The following function retrieves all followers for a give space. 


In [3]:
# definition of get_votes function 

def get_followers(init_skip, follower_query_limit):
    """
    this function loops through range of following relationship and return the data
    :param: init_skip: integer - the start value of the range
    :param: follower_query_limit: integer - the end of the range to be queried
    returns: list of dicts containing information about the follower relationship
    """

    # import libraries
    import requests
    import json
    import time

    # init list to store all dicts
    follow_dict_list = []

    # loop through range of following relationships
    while init_skip <= follower_query_limit:
        
        # define query string
        query = """ {
                    follows(
                        first: 1000,
                        skip: %s
                    ) {
                        follower
                        space {
                        id
                        }
                        created
                    }
                    } """ % (str(init_skip))

        # API request routine
        url = 'https://hub.snapshot.org/graphql'
        r = requests.post(url, json={'query': query})
        if r.status_code == 200: 
            r_dict = json.loads(r.text)
            r_dict

            # loop through results and store the data in a dict
            for follow in r_dict["data"]["follows"]:
                follow_dict = {}
                follow_dict["follow_id"] = follow["follower"]+"&&"+follow["space"]["id"]
                follow_dict["follower_id"] = follow["follower"]
                follow_dict["space_id"] = follow["space"]["id"]
                follow_dict["created"] = follow["created"]
                
                # append follow list with follow dict
                follow_dict_list.append(follow_dict)

        else: 
            print("Error message: " + str(r.status_code))
            if r.status_code == 429:
                print("Waiting 5s before retry")
                time.sleep(5)
                get_followers(init_skip, follower_query_limit)
            else:
                print("No retry possible")

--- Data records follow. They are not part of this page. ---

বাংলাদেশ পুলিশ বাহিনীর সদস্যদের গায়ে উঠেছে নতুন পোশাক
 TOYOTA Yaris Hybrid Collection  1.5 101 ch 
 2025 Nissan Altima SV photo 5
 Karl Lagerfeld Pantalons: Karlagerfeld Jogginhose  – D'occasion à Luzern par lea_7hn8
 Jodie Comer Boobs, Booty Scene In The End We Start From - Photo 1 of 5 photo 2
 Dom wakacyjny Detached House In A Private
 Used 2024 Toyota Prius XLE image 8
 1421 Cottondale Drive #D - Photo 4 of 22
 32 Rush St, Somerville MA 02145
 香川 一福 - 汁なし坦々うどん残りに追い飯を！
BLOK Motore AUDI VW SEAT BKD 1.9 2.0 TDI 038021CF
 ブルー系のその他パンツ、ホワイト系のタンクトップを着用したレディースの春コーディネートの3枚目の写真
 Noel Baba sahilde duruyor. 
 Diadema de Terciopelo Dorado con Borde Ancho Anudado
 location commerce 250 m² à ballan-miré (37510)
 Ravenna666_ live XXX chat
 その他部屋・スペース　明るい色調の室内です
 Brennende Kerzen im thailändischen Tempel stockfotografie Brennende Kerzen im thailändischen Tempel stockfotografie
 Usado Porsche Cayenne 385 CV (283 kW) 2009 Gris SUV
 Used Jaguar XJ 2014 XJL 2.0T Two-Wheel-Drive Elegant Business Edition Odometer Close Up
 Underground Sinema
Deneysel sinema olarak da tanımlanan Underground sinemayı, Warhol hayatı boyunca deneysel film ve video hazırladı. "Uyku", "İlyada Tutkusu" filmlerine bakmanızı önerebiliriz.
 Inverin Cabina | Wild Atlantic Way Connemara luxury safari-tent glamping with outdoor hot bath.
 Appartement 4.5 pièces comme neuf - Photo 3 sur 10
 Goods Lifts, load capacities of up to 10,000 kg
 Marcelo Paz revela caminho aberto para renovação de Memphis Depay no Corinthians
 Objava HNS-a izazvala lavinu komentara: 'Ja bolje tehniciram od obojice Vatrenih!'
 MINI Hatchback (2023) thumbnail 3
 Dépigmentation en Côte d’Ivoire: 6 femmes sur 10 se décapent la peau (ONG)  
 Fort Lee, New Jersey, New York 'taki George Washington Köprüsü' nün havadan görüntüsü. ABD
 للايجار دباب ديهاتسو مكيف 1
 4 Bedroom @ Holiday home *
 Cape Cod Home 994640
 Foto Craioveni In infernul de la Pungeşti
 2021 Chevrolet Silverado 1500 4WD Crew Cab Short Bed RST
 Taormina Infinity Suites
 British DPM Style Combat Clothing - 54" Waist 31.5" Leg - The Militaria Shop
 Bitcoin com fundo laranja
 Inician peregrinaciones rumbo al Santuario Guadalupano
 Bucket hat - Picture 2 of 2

        # increment skip value
        init_skip += 1000

    # return final list of follow dicts
    return follow_dict_list



In [4]:
# creat multithread function for followers API call

def multithread_get_followers(number_of_follows_to_query, workers):
    """
    this function splits up the task to retrieve all following relationships among a number of workers
    :param number_of_follows_to_query: integer indicating the number of following relationships to be queried
    :param workers: integer that indicates the number of works that split up the task
    :return: list of dicts of all following relationships
    """
    
    import requests
    import numpy as np
    from concurrent.futures import ThreadPoolExecutor, as_completed


    # split the query space into multithread tasks
    task_size = number_of_follows_to_query/workers

    skip_start = np.arange(0, number_of_follows_to_query, task_size).tolist()
    skip_end = np.arange(task_size, number_of_follows_to_query+task_size, task_size).tolist()

    skip_list = list(zip(skip_start, skip_end))


    # initiate vote list to be filled 
    nested_followers_dict_list = []
    followers_dict_list = []

    
    def runner():
        threads= []
        with ThreadPoolExecutor(max_workers=workers) as executor: #more than 10 workers results in significant more 429 errors
            for skip in skip_list:
                threads.append(executor.submit(get_followers, int(skip[0]), int(skip[1])))

            for task in as_completed(threads):
                nested_followers_dict_list.append(task.result())    
        
    runner()

    # loop through nested list and flatten it
    for dict_list in nested_followers_dict_list:

        for follower_dict in dict_list:

            followers_dict_list.append(follower_dict)


    # filter unique follows ?

    return followers_dict_list

#### Get all follows

In [17]:
follower_dict_list = multithread_get_followers(2000000, 1)

In [18]:
df_follows  = pd.DataFrame(follower_dict_list)
df_follows.to_csv('snapshot_follows.csv', index=False, sep=";")

In [91]:
follower_dict_list = multithread_get_followers(1100000, 10)

# save the follows as csv file
#df_follows  = pd.DataFrame(follower_dict_list)
#df_follows.to_csv('snapshot_follows.csv', index=False, sep=";")


# read file from backup 
#df_follows = pd.read_csv('snapshot_followers.csv',  sep=";")  

In [95]:
# size of follows df
len(df_followers)

# unique follower addresses
len(df_followers["follower_id"].unique())

df_follows_grouped = df_followers.groupby(by=["space_id"]).count().sort_values(['follower_id'],ascending=False)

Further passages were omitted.